One of the primary ways people find content that they like is through the For You Page. You discussed that this is Tiktok’s way of monitoring activity according to a user’s interest, it is how the platform listens.
With everything that’s happening in the world now, how do you think we can secure our privacy without losing the benefits of social media algorithms?
Every single social media platform has security and privacy issues. The moment that we put ourselves out there, there’s always a risk that others will steal our identity or create pieces of us for awful intentions.
It always helps to report to the platform, but I think it also comes down to you pushing for integrity. In every single thing that comes off of you in the platform, you have to start pushing for your own integrity.
When you create really good content, the platform itself recognizes you. When the platform recognizes you, the community in that platform will recognize you and some may even report on your behalf.
Apart from that, when you are a managed creator, you have better access to the platform itself. This makes it easier for you to report people who are trying to scam other people using your identity.
It all comes down to you doing a good job. The process is that you get recognized, you get verified, you get better access to the platform and its community, and somehow it just gets easier to protect you.

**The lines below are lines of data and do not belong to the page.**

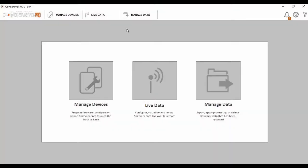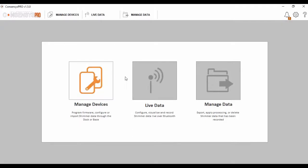We are now going to focus our attention on our consensus software application. For the purposes of this exercise, I am using the consensus pro version of this software. When you start the application, you are presented with three core tabs: Manage devices, live data, and manage data.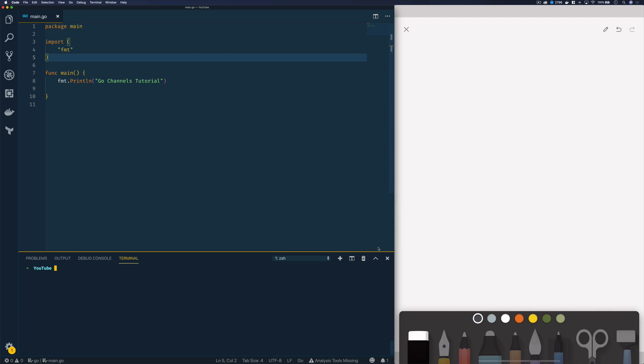Hi everyone, it's Elliot from TutorialEdge.net and in this tutorial we're going to be looking at how you can use channels within your concurrent Go applications.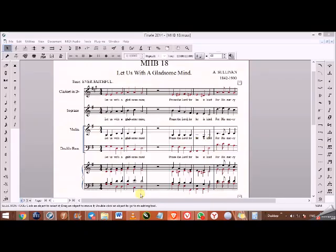We are going to look at the selection tool and its uses. The selection tool selects, copies, transposes, and works with measures. In this video, we are going to look at how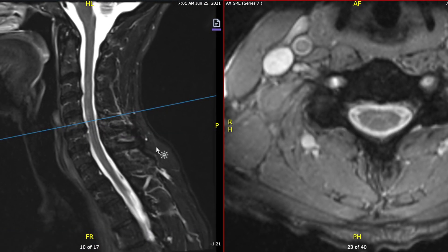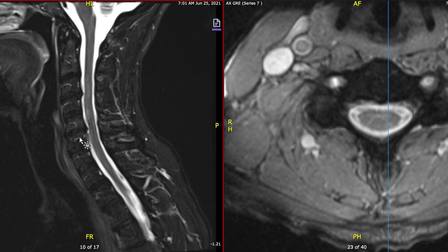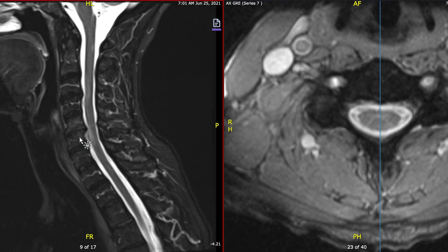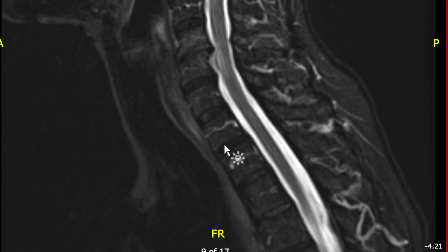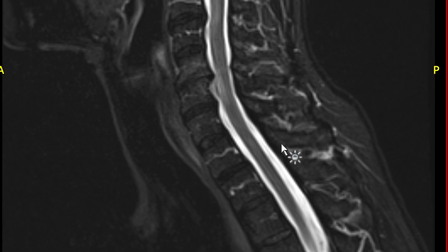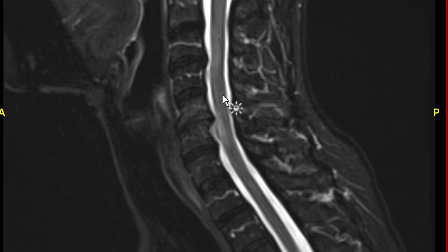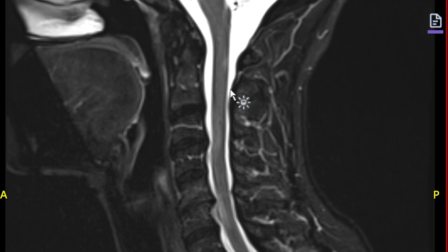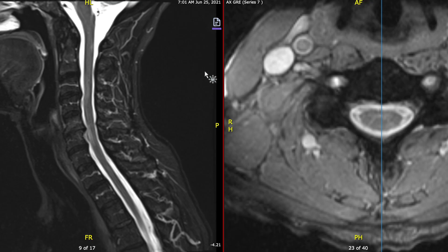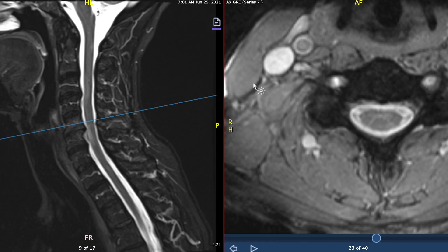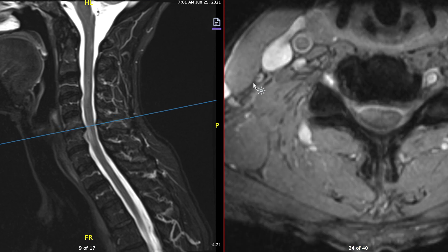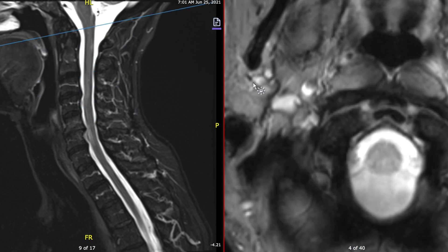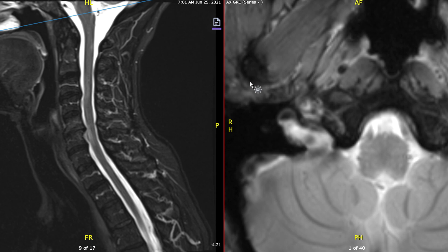The type of imaging that we're doing, water is bright, so MS lesions are bright. If you focus your attention on the left-hand side — the sagittal view — as we look at the cord, here I see a lesion, here I see a lesion, here I see a lesion, and way up here I see a lesion. We're going to characterize each of those lesions by looking through the cross-sectional area on the right.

Speaking of processes, a huge portion of your talk was dedicated to communication patterns. Do you see social media communication patterns or processes being added to school curriculums in the future?
Hopefully, yes. I think the academe is starting to put more emphasis on digital transformation. I would say that it’s slowly becoming part of the curriculum. It’s not becoming an entire course just yet, but it’s already infiltrating the curriculum.
I think we’re getting there. It is just taking a little bit of time because not a lot of veterans are open to the idea. I think we just have to push it where we can at this point, hope for the best, and work with whatever power we have.
Right now, a lot of things are fast-paced. Your “break” was gaining a good number of followers within a day. Do you ever worry about instantly losing what you worked for in the digital space?
Do you see yourself in the same industry in the next five to 20 years?
I’m not sure whether I’ll still be here in the next five to 20 years, because my thing is just to do the next doable thing and serve as much as I can.
Do I have fears? I did have those fears before, but for me, TikTok is one platform. I can cross-pollinate across platforms.
I do a lot of self-assessment and practice having a lot of self-awareness. As long as I find myself and I know who I am and I know who I serve, I can build something anywhere. That’s what keeps me anchored. •
Kanto.com.ph is a proud media partner of the Likha Creative Entrepreneurship Summit.
Gabrielle de la Cruz started writing about architecture and design in 2019. She previously wrote for BluPrint magazine and was trained under the leadership of then editor-in-chief Judith Torres and previous creative director Patrick Kasingsing. Read more of her work here and follow her on Instagram @gabbie.delacruz.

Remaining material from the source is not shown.